◆ **Supplied entries**

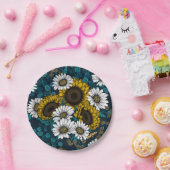 Sonnenblumen und Gänseblumen, Sommergarten 2 Pappteller (Party)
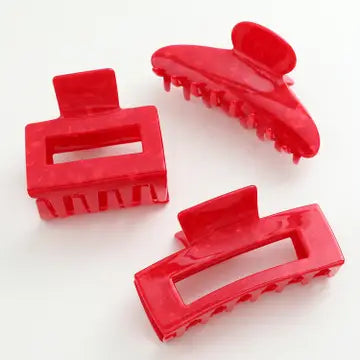 CHERRY RED ASSORTED CLAW CLIP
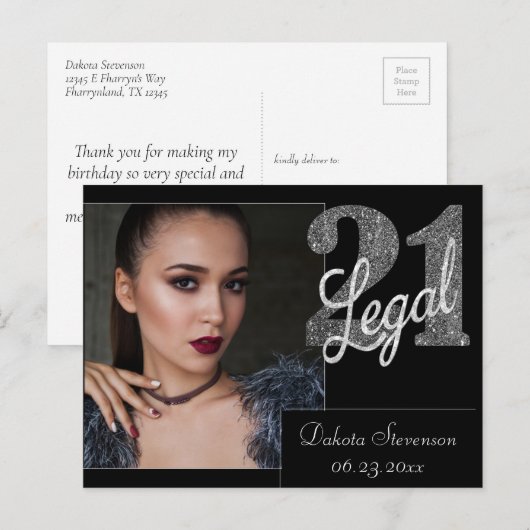 21 en juridische | Zilveren Faux Glitter Foto Dank Briefkaart (Voorkant / Achterkant)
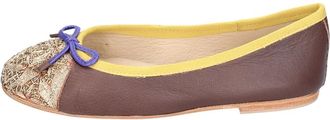 Coral Blue Leren Ballet Flats voor Vrouwen - Dames - Ballerinas - Bruin - 38 EU - Schoenen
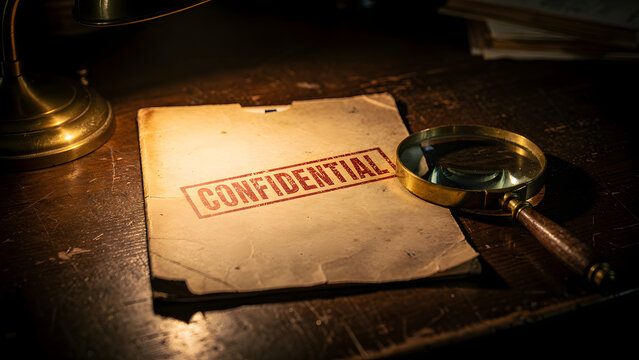 Confidential File Folder on Detective Desk
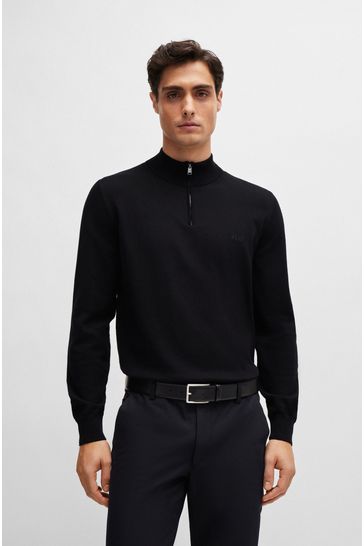 Boss zip neck sweater new arrivals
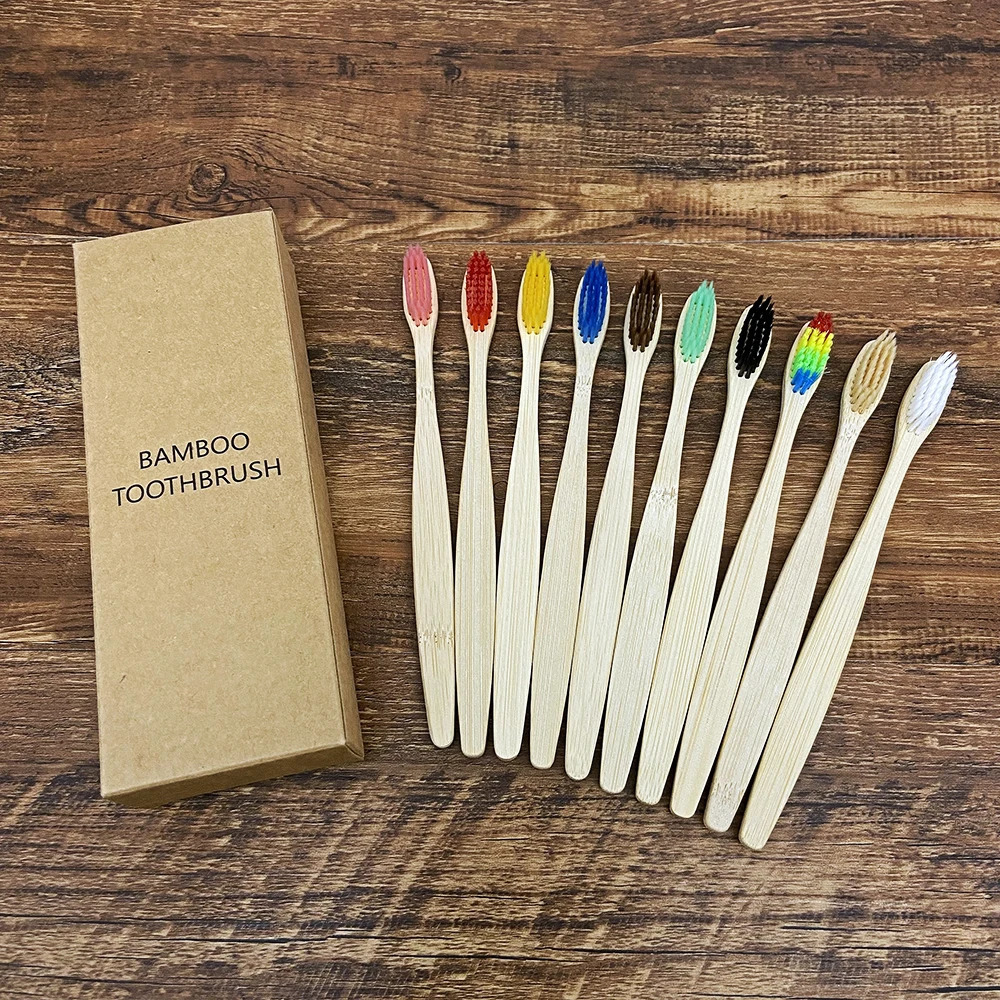 10PCS Biodegradable Bamboo Toothbrush Teeth Colorful Bristle Natural Tooth brush Dental Eco Bambou Toothbrushes 250115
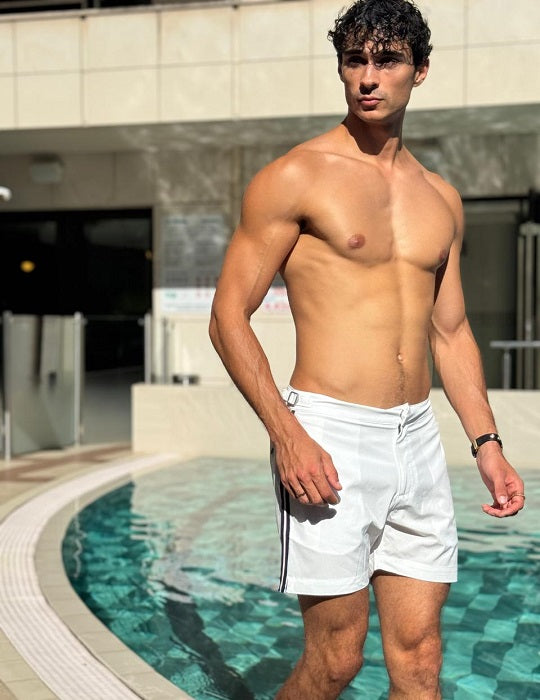 Hamptons Tailored Swim Shorts - Racing Stripes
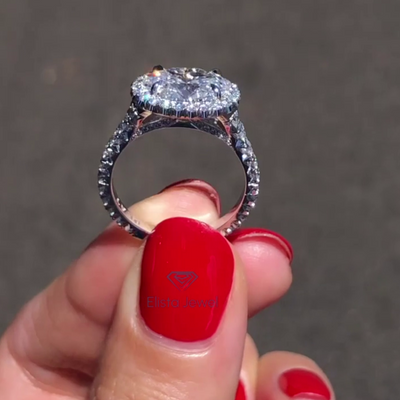 East West Oval Diamond Solitaire Halo Four Claw Prong Accent Ring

◆ **To do**
Pictures are to be left out; the lines from the start of the records above through the line holding "Boss zip neck sweater new arrivals" are to be returned exactly.

◆ **Result of the task**
 Sonnenblumen und Gänseblumen, Sommergarten 2 Pappteller (Party)
 CHERRY RED ASSORTED CLAW CLIP
 21 en juridische | Zilveren Faux Glitter Foto Dank Briefkaart (Voorkant / Achterkant)
 Coral Blue Leren Ballet Flats voor Vrouwen - Dames - Ballerinas - Bruin - 38 EU - Schoenen
 Confidential File Folder on Detective Desk
 Boss zip neck sweater new arrivals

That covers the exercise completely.